Earlier in the day thousands braved strong winds and rain to pack the streets of central Wellington and Parliament grounds to congratulate the world champions.
Police and volunteers struggled to clear a path through the crowds as fans surged forward as All Blacks passed on towed trailers.
Captain Richie McCaw and Brad Thorn almost had the Webb Ellis Cup torn from them as they held it out to the outstretched hands below.
People climbed trees, phone boxes and balcony overhangs for vantage, and office workers cheered from windows and building roofs.
Confetti rained down and streamers hung from above Lambton Quay, and Piri Weepu and teammates danced to the drums of band Batucada.
Signs on display included "Nek minnut ABs bring it home", "Dan you can have my groin", roughly 50 "Richie marry me" proposals and the succinct "Tops off".
McCaw told the crowd at Parliament that the last three days had been unforgettable.
"On behalf of the team, it's been a hell of a six weeks and we can say we're world champions now for four years, so we're going to enjoy it."
Prime Minister John Key told the team they had played for New Zealanders after "a pretty tough 12 months".
"What we absolutely needed at the end of 2011 was you boys to bring home the Cup ... we're so proud of you."

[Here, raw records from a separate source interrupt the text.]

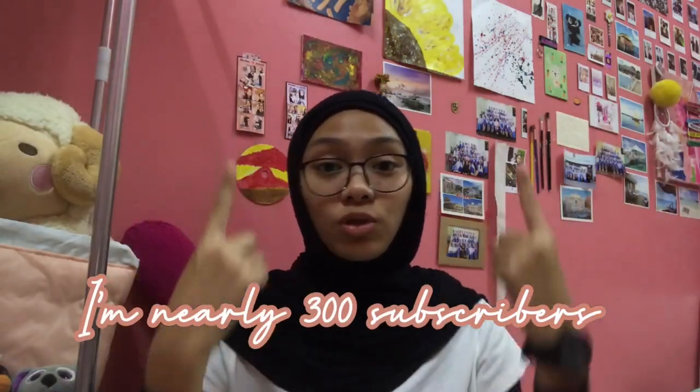Before we get started with the video, I just want to say a few things. I'm going to show you guys a bit of the doodle sketch. And one more thing — I'm nearly at 300 subscribers, only five subscribers left, so make sure to subscribe. If you already subscribed, please do. And don't forget to give a thumbs up to this video and comment on my newest video anything you want. If you're watching this video from the beginning until the end, comment down below 'pink love'. Okay, so let's get started with the video.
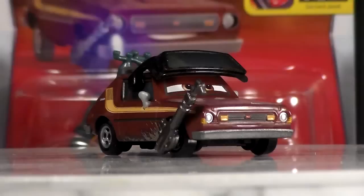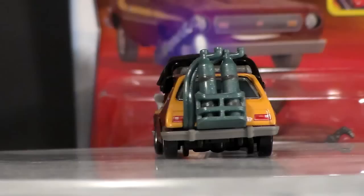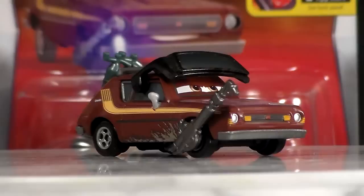Toga is a 1:55 steel die-cast made by Mattel with no paper stickers. His goggles and torch are made of plastic and are not removable.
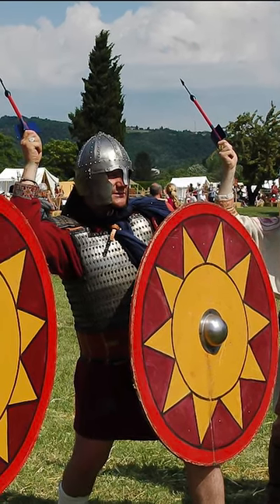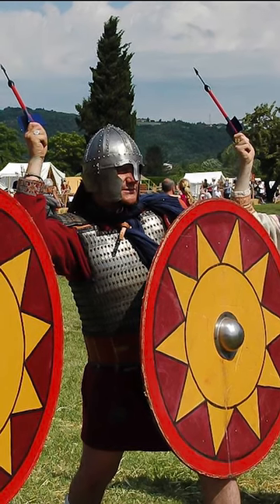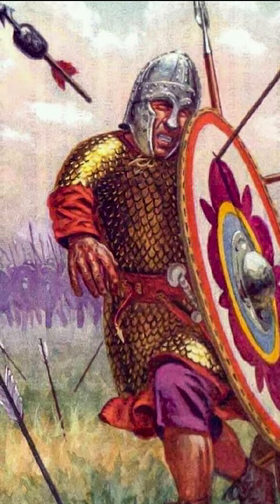After being thrown upwards, the lead weight made the dart fall on the opponents at an angle of almost 90 degrees. It was very effective for wounding unprotected body parts, especially against lightly shielded opponents and horses.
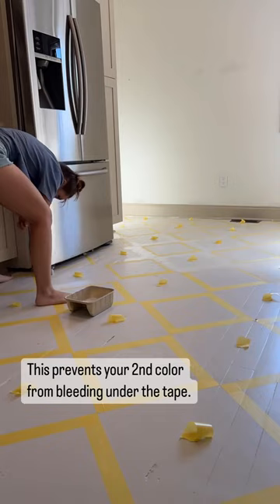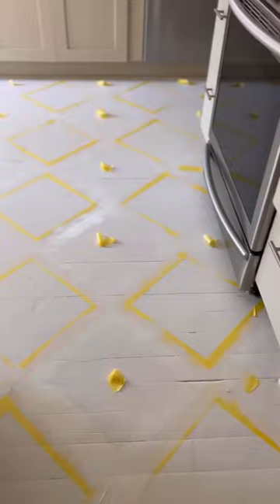This ensures that you get really clean paint lines. All right, let's let this dry and then we'll come back and paint these squares.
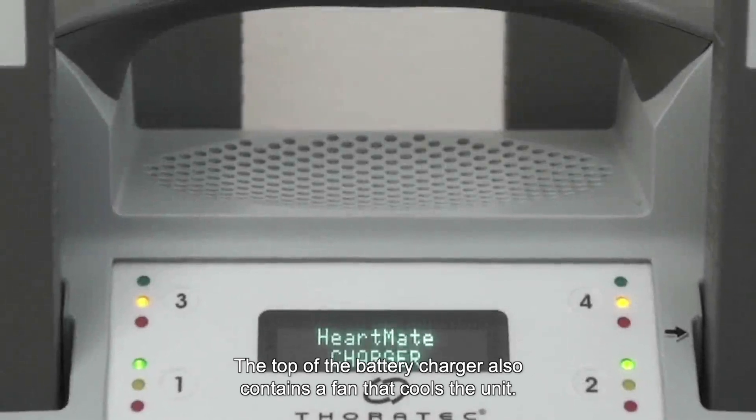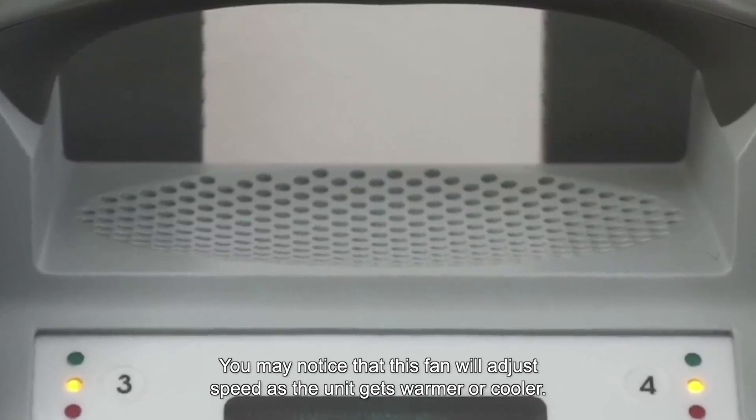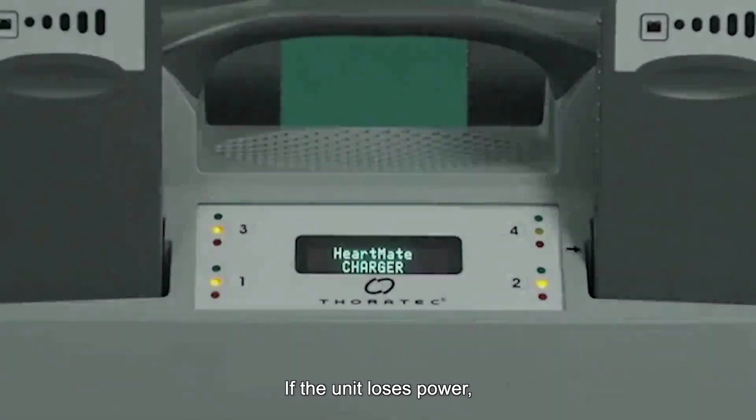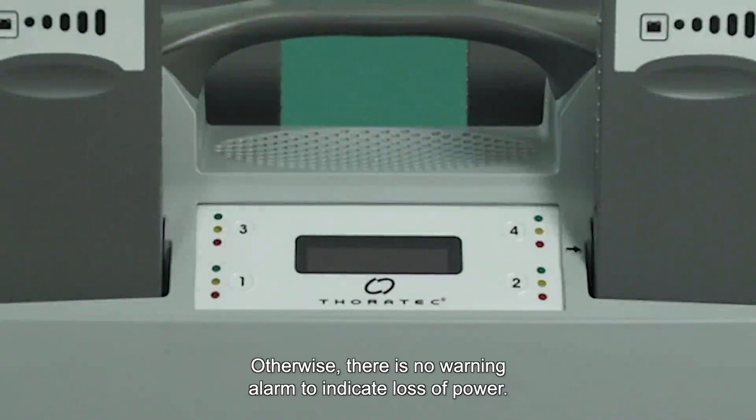The top of the battery charger also contains a fan that cools the unit. You may notice that this fan will adjust speed as the unit gets warmer or cooler. If the unit loses power, the display screen goes blank and the pocket lights turn off. Otherwise, there is no warning alarm to indicate loss of power.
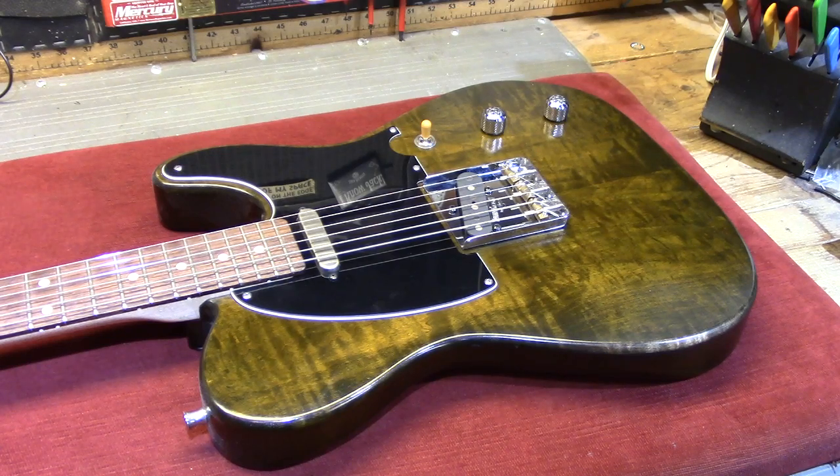This is the Granville Lucy guitar. You've probably seen this in a few videos — I played it in the Super Chief video — and I've never really presented the features of this guitar properly.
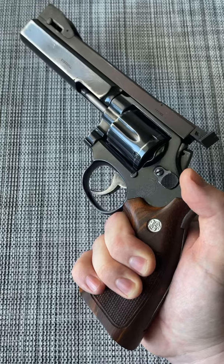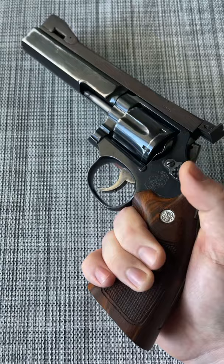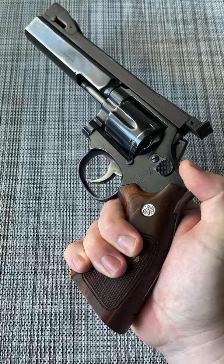While Ken Eversol did do an absolutely breathtaking job putting together this Smith & Wesson Model 10 back in the 1980s, I did feel like there was one change in order — replacing the rubber Pachmayr grips with these beautiful wood target grips with Smith & Wesson medallions. Wood and steel, the way it's supposed to be.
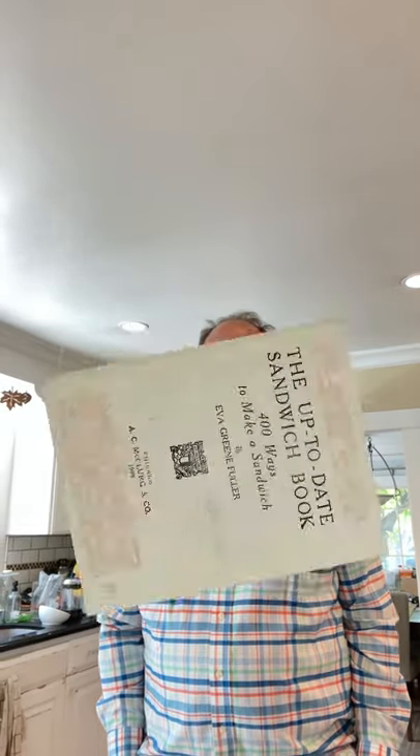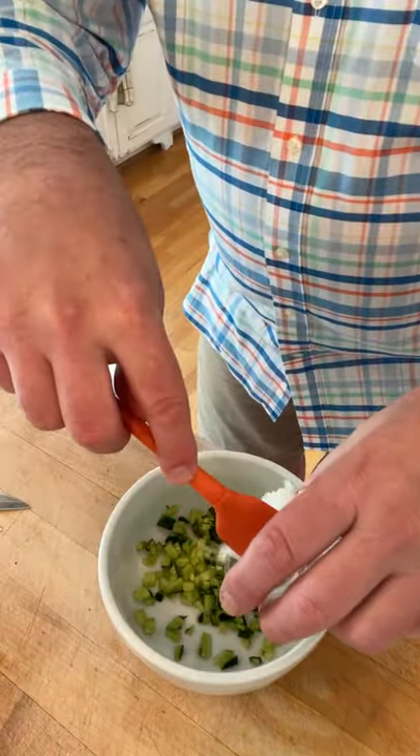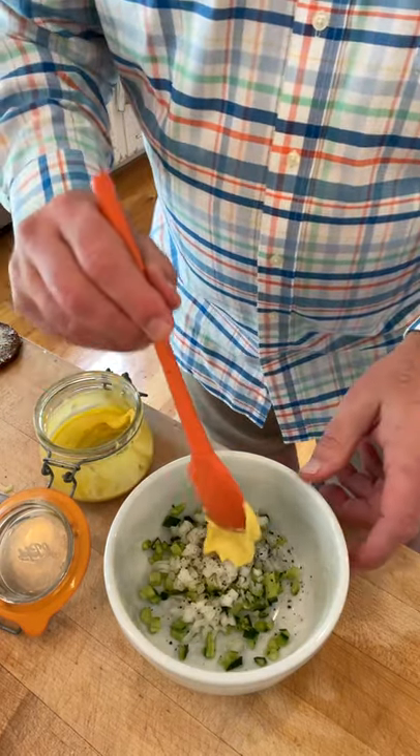Welcome to Sandwiches of History. Today from the up-to-date sandwich book of 1909 we are going to be making a cucumber and onion sandwich. First we start off with finely minced cucumber, finely minced white onion, a little bit of salt, a little pepper, and to moisten this with some mayonnaise dressing.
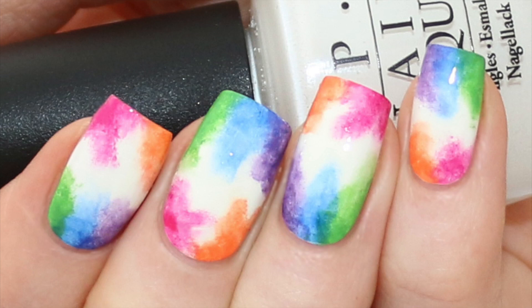Hi everybody, welcome to my channel and welcome to a new nail art tutorial. Today I'm going to show you how I created this watercolor manicure. I know that not too long ago I also made a neon cloudy watercolor tutorial, but then I used alcohol and that one was a little bit more difficult than this one. So if you want the easy version, go for this tutorial.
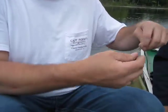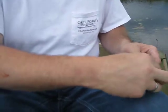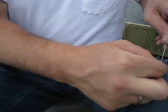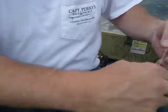Then you're going to tie a single knot with that loop. And then at the end of that, you're going to keep it a little loose.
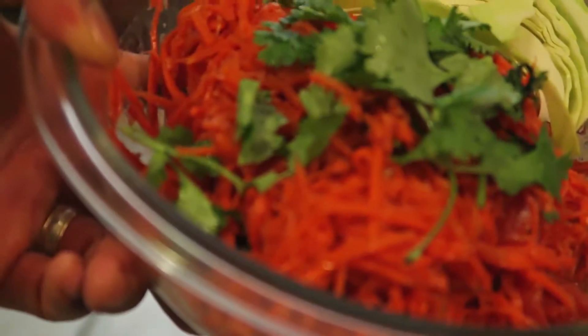There it is. This spicy carrot salad is a variation of baklahong, which is spicy papaya salad. It goes perfectly with Asian baked chicken. Yes, almost done.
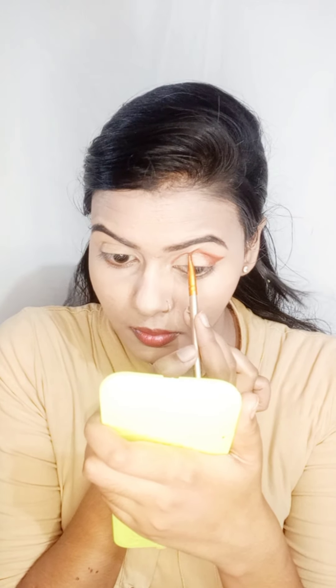I have created an outer V shape. With the help of the brush, I apply it properly. From the palette I take a light brown shade and blend it with a blending brush. When I applied the dark brown shade, I drew it as a line, and now I will blend it with the light brown shade. After blending, I will apply it along the lower lash line.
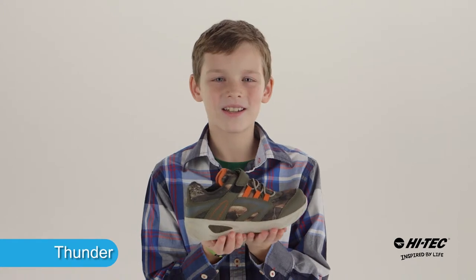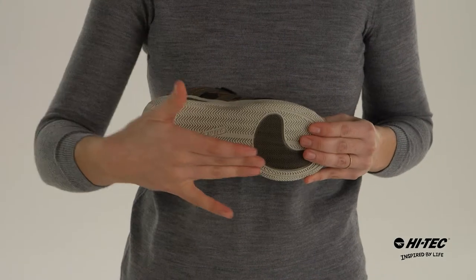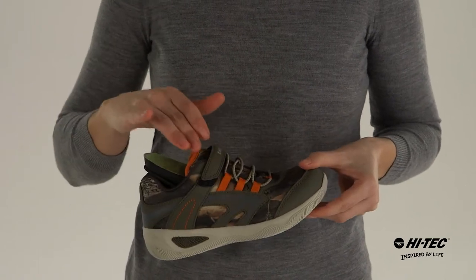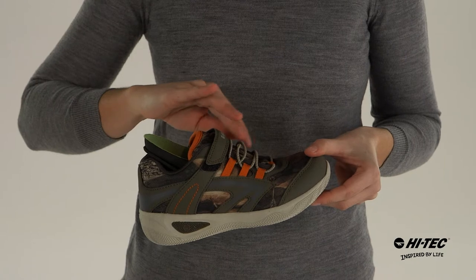Hi, my name is Carter and we're going to tell you about the Hi-Tech Thunder. This shoe features a high abrasion EVA outsole, a synthetic upper, as well as for custom fit, you have a hook and loop system as well as a bungee cord.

After the speeches the All Blacks responded to a "haka" chant by the crowd with a performance of Ka Mate that brought the loudest cheer of the day.
Flanker Jerome Kaino said it was sad the team's time together had drawn to a close.
"But you just look at the 87 team, they're still living with their accomplishment, and I'll carry this for the rest of my life."
No 8 Kieran Read said to play in and win a World Cup on New Zealand soil had been an experience hard to describe.
"It was the best time of my life, outside of getting married and having a baby."
Read said the mania around the team had been something new, even to an All Black.
"Now you can just enjoy it and wave back, and I suppose without those nervous butterflies when you're going to the game."
Assistant coach Wayne Smith, who is stepping down from the All Blacks, said the 2011 World Cup team would always share a bond.
Smith said the All Blacks had done mental work around how to ensure the huge public support didn't become a burden.
But he added: "I don't think any of us quite understood the extent of the support and the extent of the euphoria."
He likened the support during the tournament to a tsunami - one that could either drown the team or carry them forward.
"We just tried to ride that wave as best we could. And we went with it."